Lalita Ramakrishnan

TB remains a major cause of death despite a live attenuated vaccine (BCG) for a century and effective antibiotics for 60 years. TB’s persistence over millennia in the face of these major medical advances underscores the ability of Mycobacterium tuberculosis to evade and exploit host defenses and antibiotics. Pathogenic mycobacteria infect macrophages and survive in these primary immune defense cells by subverting their endocytic trafficking and microbicidal mechanisms. The bacteria also alter macrophage differentiation, migration, and aggregation to induce the formation of granulomas, enigmatic, complex, organized immune structures that can paradoxically promote bacterial growth. Ultimately, mycobacteria can cause granuloma breakdown by inducing programmed macrophage death, a step that further increases bacterial growth and promotes transmission to new hosts.
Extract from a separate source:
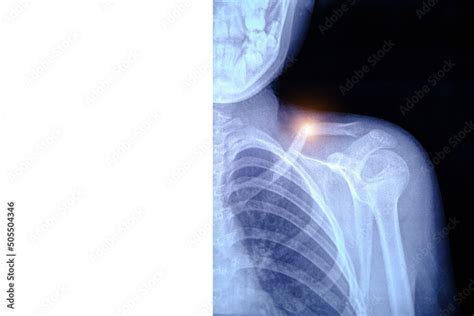 X Ray Image Broken Collarbone Person Stock Photo Adobe Stock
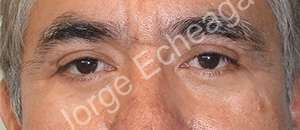 Eyelid Surgery Before and After Results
We use the zebrafish larva as a surrogate model organism to study TB, exploiting its optical transparency and genetic and pharmacological tractability to monitor infection in real-time. Through genetic screens, we identify host susceptibility and resistance factors and bacterial virulence determinants that alter specific infection steps. Our research is shedding light on TB pathogenesis as well as fundamental macrophage biology – organellar cross-talk, migration, adhesion and death.  Our findings have been borne out in humans and are informing new treatment strategies. We have also used the zebrafish to unravel mysteries in other granulomatous diseases like leprosy and schistosomiasis.